* **Work required**: Print the records exactly and in full, please; the pictures stay out.

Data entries
────────────────

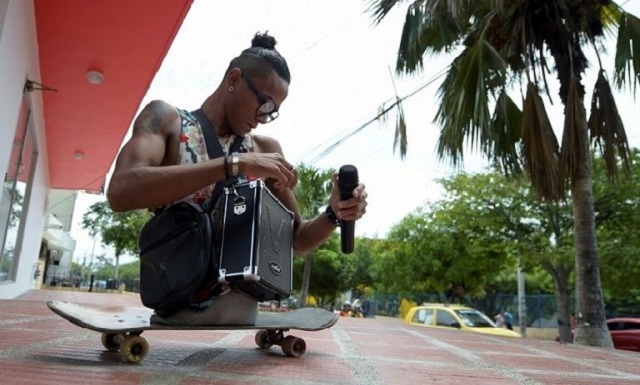 with a boom box and microphone 25 year old alfonso quot alca quot mendoza who was born without legs belts out rap songs on buses in colombia then rolls down the aisle on his skateboard to collect his tips photo afp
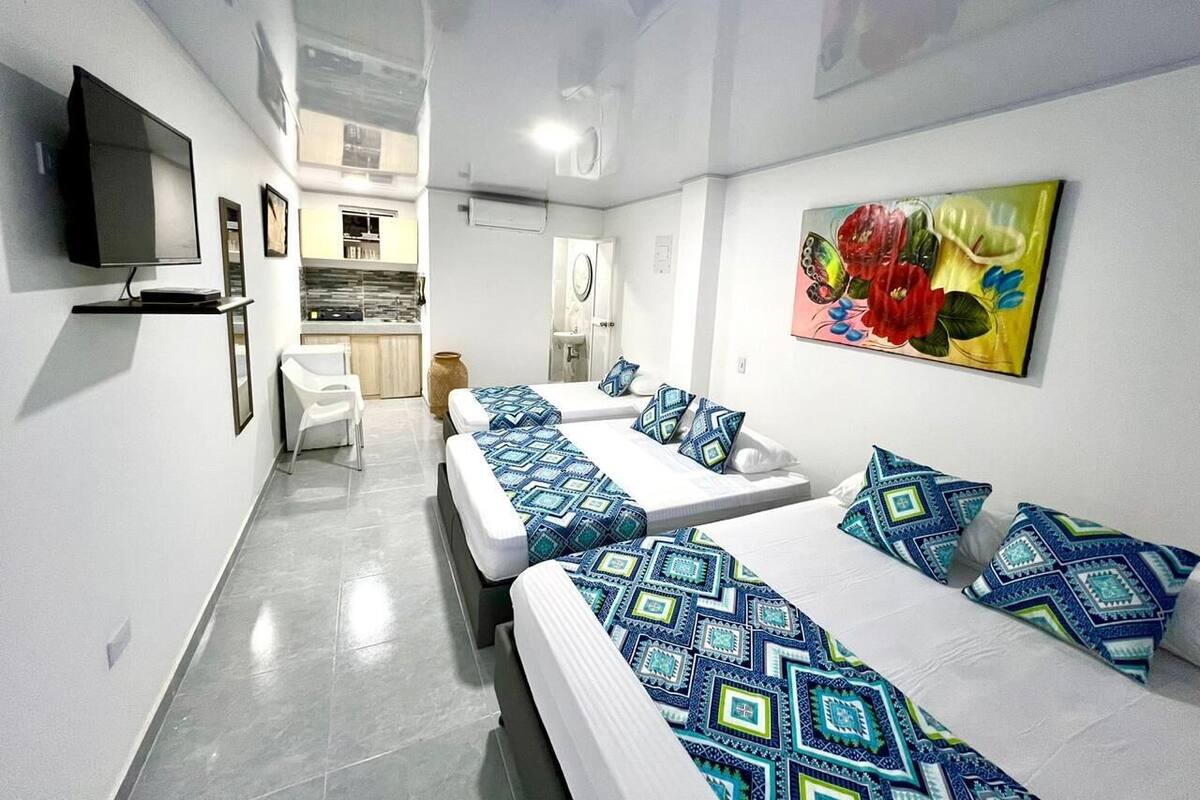 A hotel room with two beds, a TV, a painting, and a kitchenette in the background.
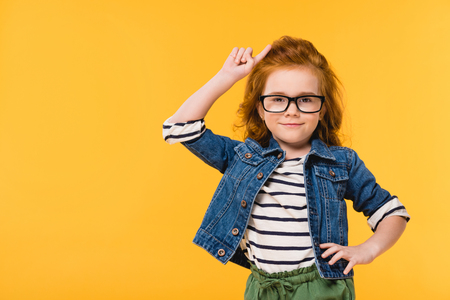 portrait of cute little kid in eyeglasses standing akimbo isolated on yellowの写真素材
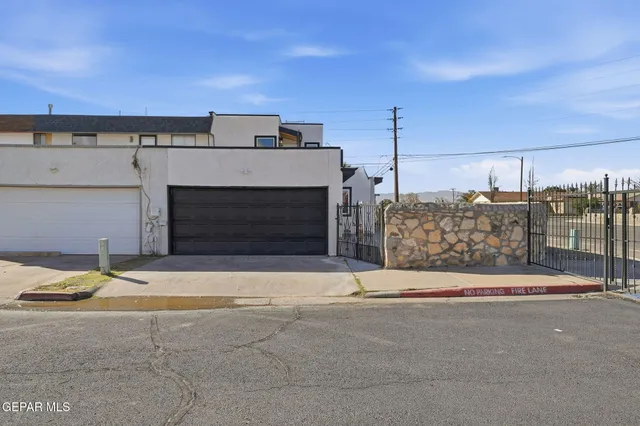 a view of building with garage and wooden fence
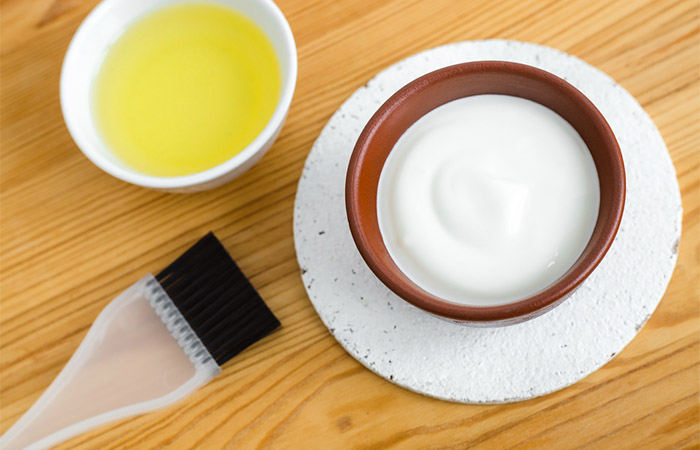 Yogurt and olive oil in a bowl each, along with a hair brush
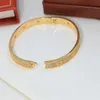 Ontwerper Nieuwe 18K Dikke Goud Goud smalle editie Volledige Diamond Sky Sky Star -paar heren en damesarmbanden met twee rijen Kyrp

────────────────

* **Output of the task**:
 with a boom box and microphone 25 year old alfonso quot alca quot mendoza who was born without legs belts out rap songs on buses in colombia then rolls down the aisle on his skateboard to collect his tips photo afp
 A hotel room with two beds, a TV, a painting, and a kitchenette in the background.
 portrait of cute little kid in eyeglasses standing akimbo isolated on yellowの写真素材
 a view of building with garage and wooden fence
 Yogurt and olive oil in a bowl each, along with a hair brush
 Ontwerper Nieuwe 18K Dikke Goud Goud smalle editie Volledige Diamond Sky Sky Star -paar heren en damesarmbanden met twee rijen Kyrp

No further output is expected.